Sur le terrain, en symbiose avec le milieu culturel des pays d’Afrique centrale et d’Afrique de l’Ouest, la Francophonie a démontré, chiffres à l’appui, l’apport des industries culturelles au développement des pays du Sud : au delà des enjeux sociaux et identitaires, il y a des enjeux de croissance économique et d’emploi. Or l’adoption d’une convention significative constitue un préalable à la mise en oeuvre de politiques culturelles; sans la protection de la Convention, les industries culturelles seront des marchandises comme les autres et, à ce titre, libéralisées, c’est-à-dire sujettes aux règles générales de l’OMC. Les pays africains ne pourraient alors plus développer d’outils conséquents et demeureraient à tout jamais des consommateurs de biens culturels produits ailleurs alors que la culture est un de leurs principaux atouts.
Que ce soit dans le secteur de la musique, de la mode, de l’artisanat ou du cinéma, le potentiel africain est énorme : à preuve, les succès de Youssou N’Dour, Alphadi, Idrissa Ouedraogo, Moussa Touré et tant d’autres. Mais il reste encore en grande partie inexploité. Joignant l’action à la parole, la Francophonie a créé, en s’inspirant du modèle québécois, le Fonds de production et le Fonds de garantie pour l’audiovisuel.
La Francophonie a également su se montrer efficace sur le terrain, mieux souvent que bien d’autres organisations intergouvernementales. Trois exemples : le réseau des Centres locaux d’action culturelle (CLAC), lieux vivants de lecture, de création d’expression et de diffusion; les programmes en matière de maîtrise de l’énergie, dans le droit fil du thème du dixième Sommet, et TV5, qui couvre maintenant à peu près l’ensemble de la planète.
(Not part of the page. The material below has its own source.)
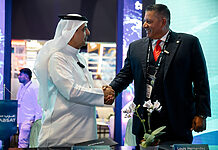 Arabsat startet neue Playout-Services mit Grass Valleys AMPP Alhamedi Alanezi, Arabsat CEO & President, und Louis Hernandez, Grass Valley CEO und Chairman, besiegeln ihre Zusammenarbeit auf der Cabsat in Dubai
Ces actions salutaires ne sont pas suffisantes et la Francophonie peine à exister : objectifs ambigus, accumulation d’ambitions, élargissement sans fin du nombre des États membres par l’adhésion de pays n’ayant rien de francophone, maigre budget, résultats mitigés. Les citoyens, au Nord comme au Sud, sont donc en droit d’interroger leurs gouvernements : pourquoi s’entêter à construire la Francophonie ? À mon avis parce que, malgré ses douloureux échecs, elle sera utile et même indispensable en devenant, enfin, ce qu’elle doit devenir : un espace exemplaire où, pour les peuples rassemblés autour du partage de la langue française, la solidarité ne sera pas un vain mot et qui préfigurera un nouveau dialogue mondial, voire une nouvelle gouverne mondiale. Il n’est pas trop tard.